In the listing below, start your output at the line with "Rhododendron falconeri, photograph 3" and end it after the line with "Dacchiera a pelo", copying every line exactly.

**RECORDS PROVIDED**
BEGIN

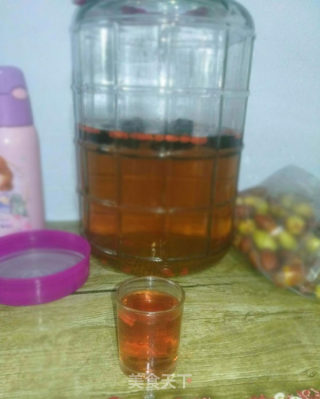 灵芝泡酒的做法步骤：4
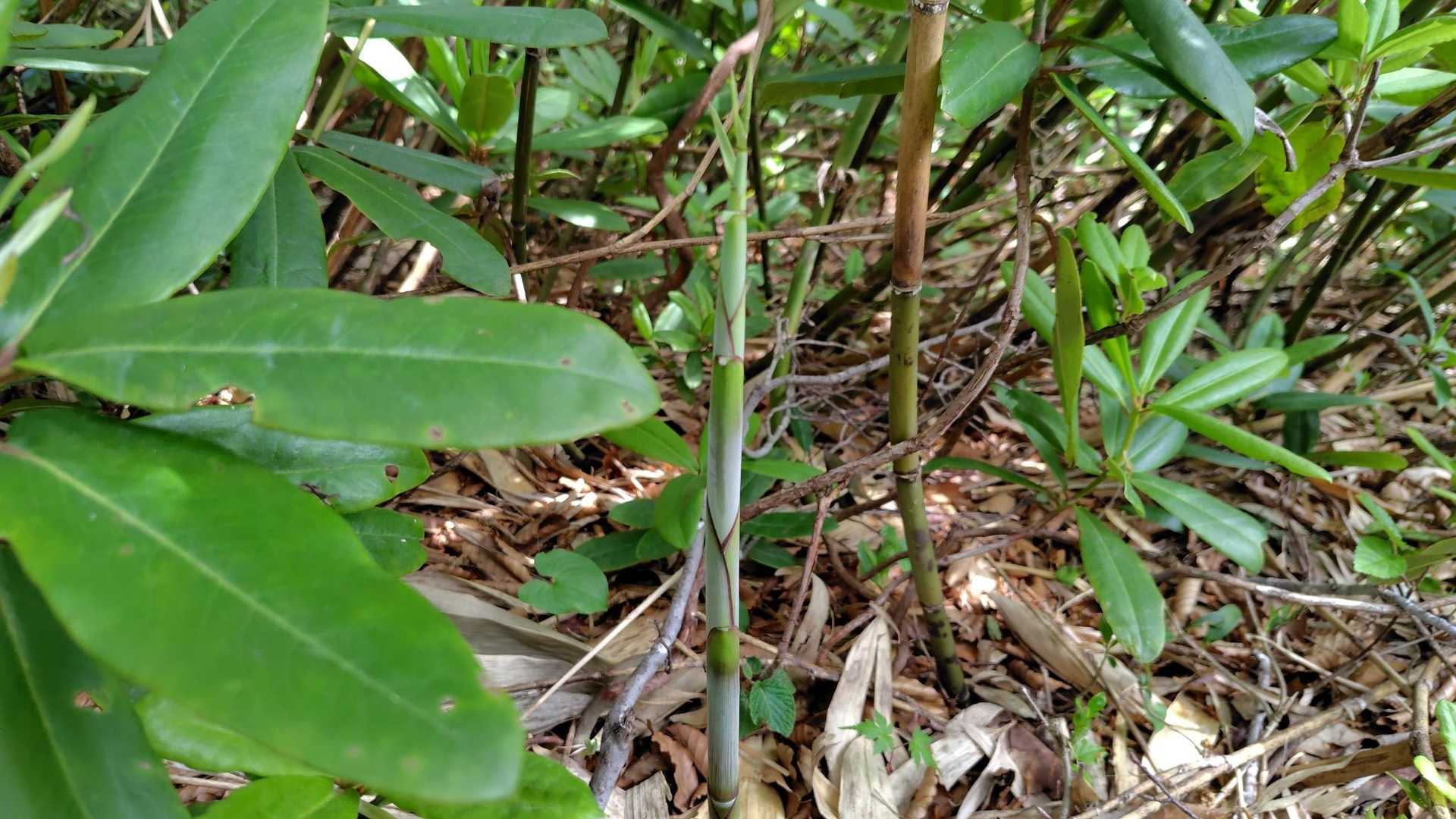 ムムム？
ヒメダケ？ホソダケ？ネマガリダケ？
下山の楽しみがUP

END
BEGIN

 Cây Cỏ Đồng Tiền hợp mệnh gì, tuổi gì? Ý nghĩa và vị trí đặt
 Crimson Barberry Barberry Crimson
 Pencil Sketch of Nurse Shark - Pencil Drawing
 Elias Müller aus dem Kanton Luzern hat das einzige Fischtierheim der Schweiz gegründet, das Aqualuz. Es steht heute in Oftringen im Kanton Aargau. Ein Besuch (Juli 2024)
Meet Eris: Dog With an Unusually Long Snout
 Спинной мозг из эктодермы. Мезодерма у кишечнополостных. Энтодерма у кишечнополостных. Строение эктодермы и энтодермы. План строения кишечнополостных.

END
BEGIN

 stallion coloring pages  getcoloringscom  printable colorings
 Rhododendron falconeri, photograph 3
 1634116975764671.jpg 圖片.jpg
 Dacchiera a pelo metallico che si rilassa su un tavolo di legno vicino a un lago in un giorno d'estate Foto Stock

END

**EXERCISE OUTPUT**
 Rhododendron falconeri, photograph 3
 1634116975764671.jpg 圖片.jpg
 Dacchiera a pelo metallico che si rilassa su un tavolo di legno vicino a un lago in un giorno d'estate Foto Stock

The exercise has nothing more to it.